History of the Shankill

When downtown Belfast was a marshland and thick woods, the area now known as the Shankill was roamed by wolves and wild boar. The first Shankill residents lived at the bottom of what is now known as Glencairn; a small settlement of ancient people inhabiting a ring fort, where the Ballygomartin and Forth rivers meet.

The Shankill Road itself was an ancient track, the main link from County Down to Antrim, known then as the Antrim Road , it was not until 1831 that the Shankill Road was officially named. The word Shankill being derived from the Gaelic ( Sean Cill ) meaning Old Church.

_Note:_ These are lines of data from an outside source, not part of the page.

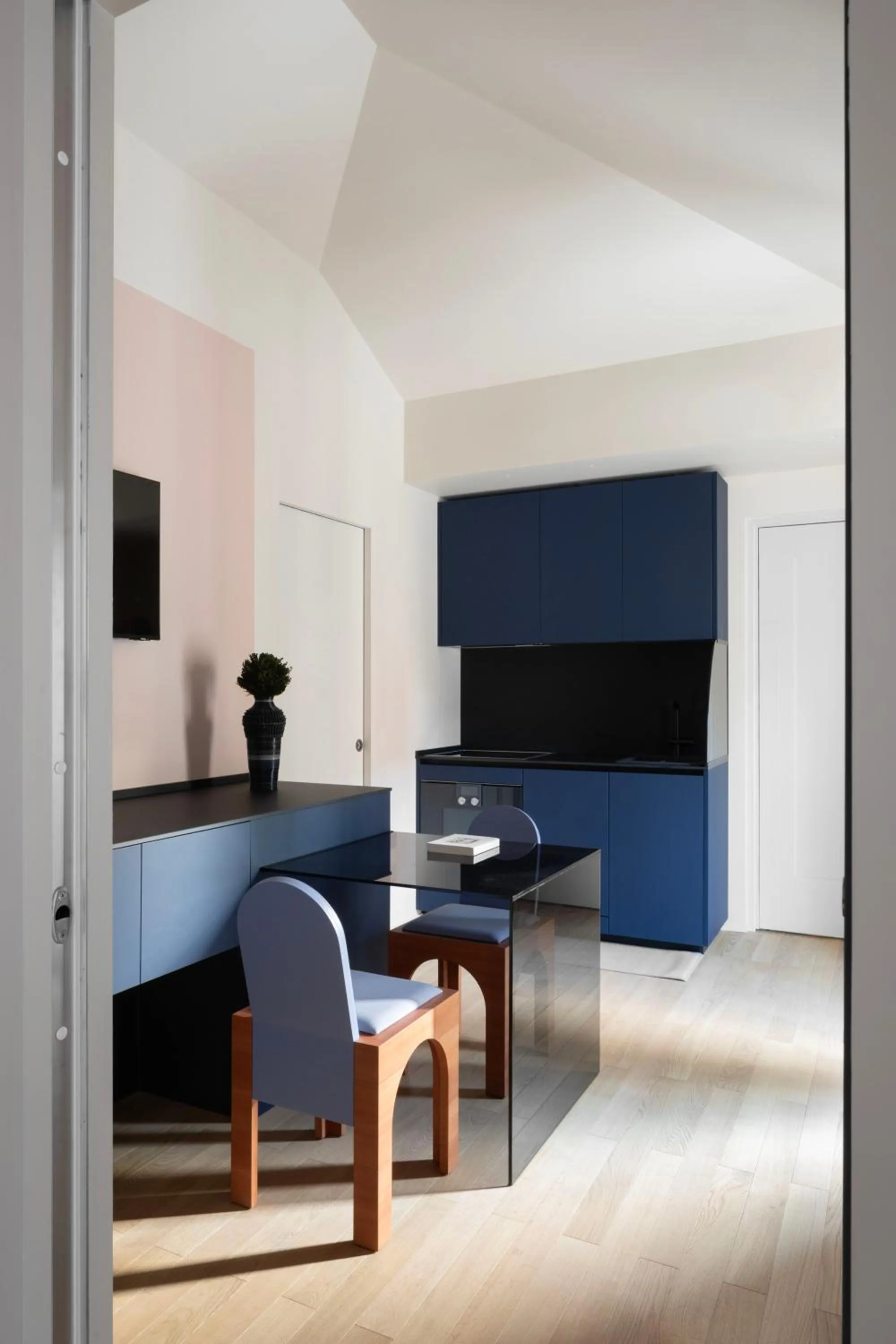 Living room in Interno Marche Design Experience Hotel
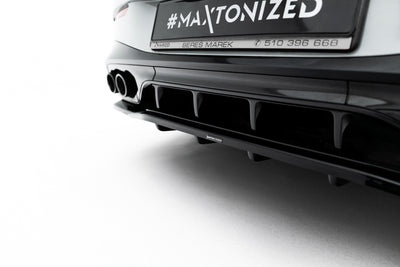 Rear Splitter (with vertical bars) Mercedes-AMG CLE 53 Aero C236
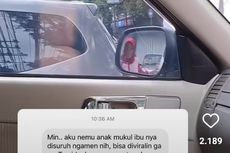 Polisi Selidiki Video Pria Bentak dan Paksa Perempuan Tua Mengamen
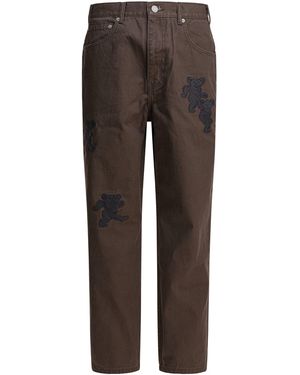 thisisneverthat "gd Dancing Bears"-broek - Grijs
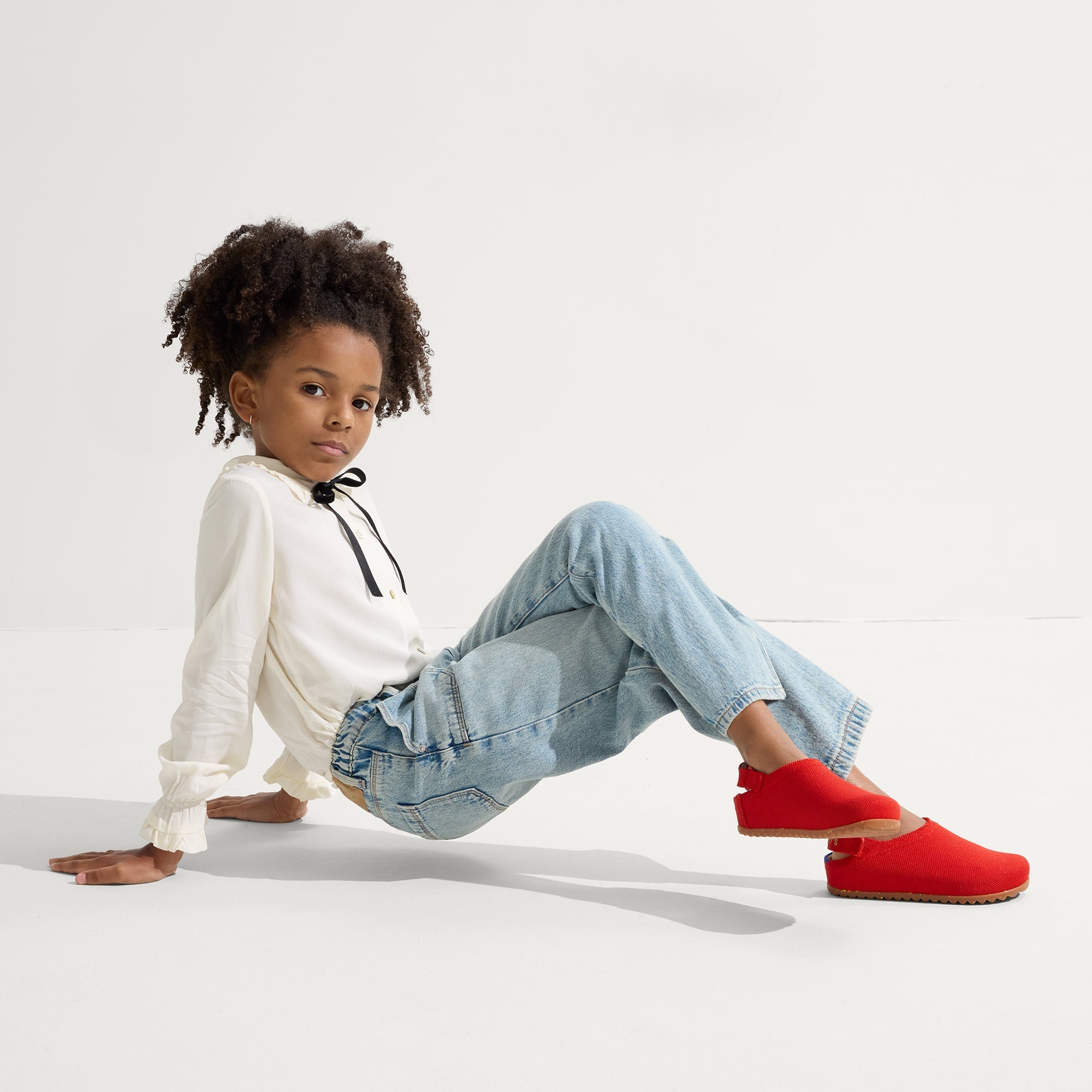 The Kids Clog - Firetruck Red
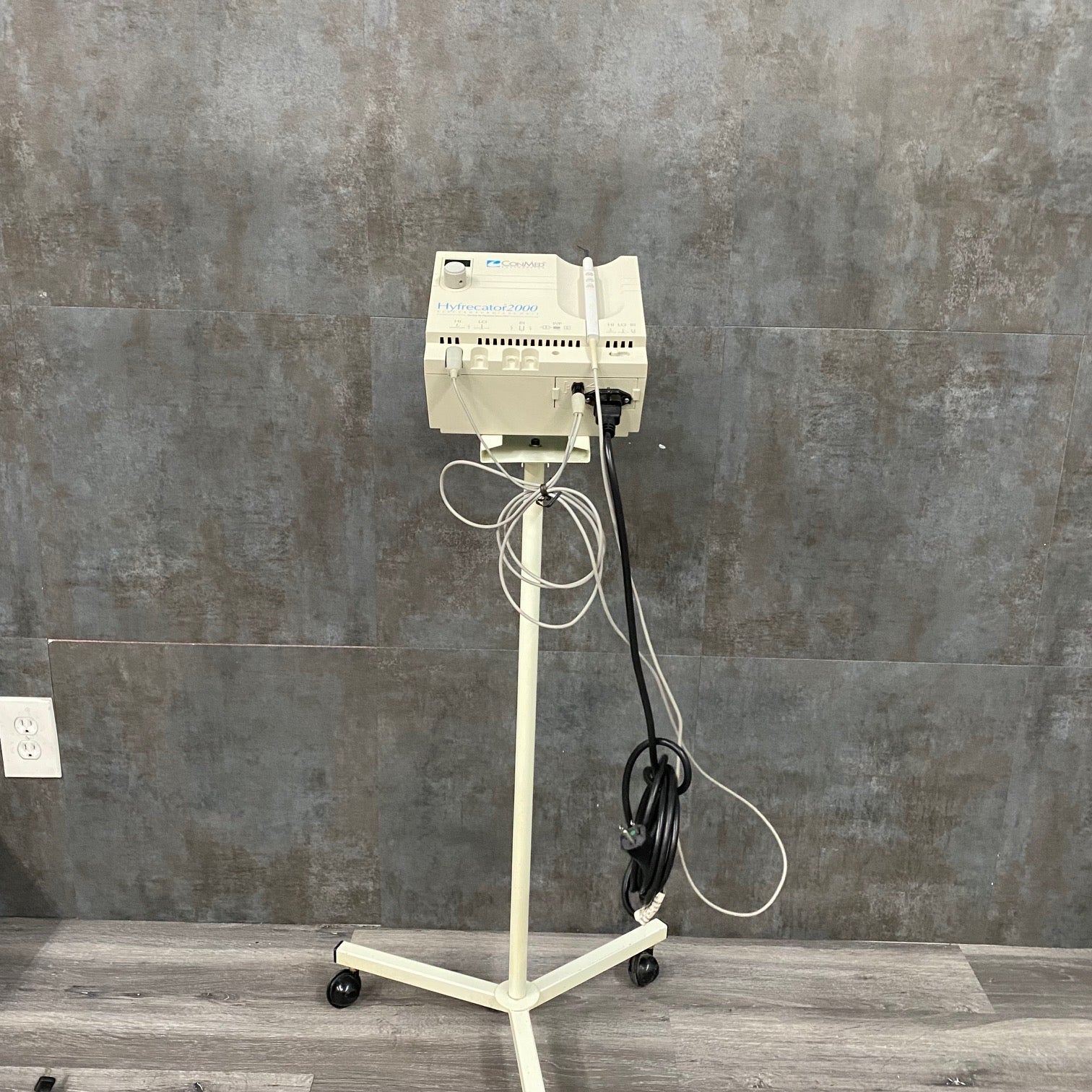 Hyfrecator,Conmed 2000,Hyfrecator 2000,Desiccator,Bovie,ESU Angelus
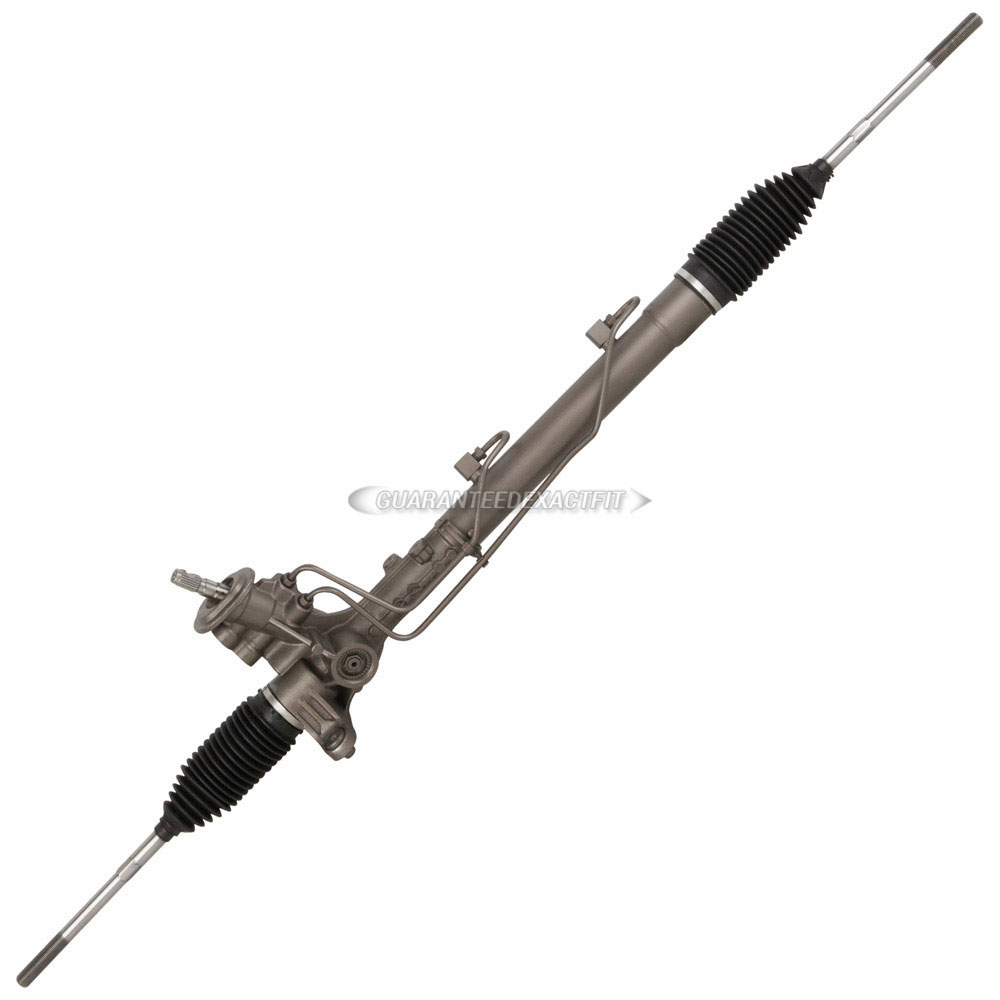 2013 Volkswagen Passat Rack and Pinion and Outer Tie Rod Kit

The Shankill Graveyard, which is over 1,500 years old, contains many historically interesting graves as well as several artifacts which have been discovered within the graveyard.

In 1855 the Bullaun Stone was uncovered in the Shankill Graveyard, it is believed this large stone dates back to Druid times, when it would have been used in a ceremony for pagan sacrifices. In early Christian times, it was used as a baptismal font when the original church stood in the grounds. Today, local legend credits the stone with the ability to cure warts.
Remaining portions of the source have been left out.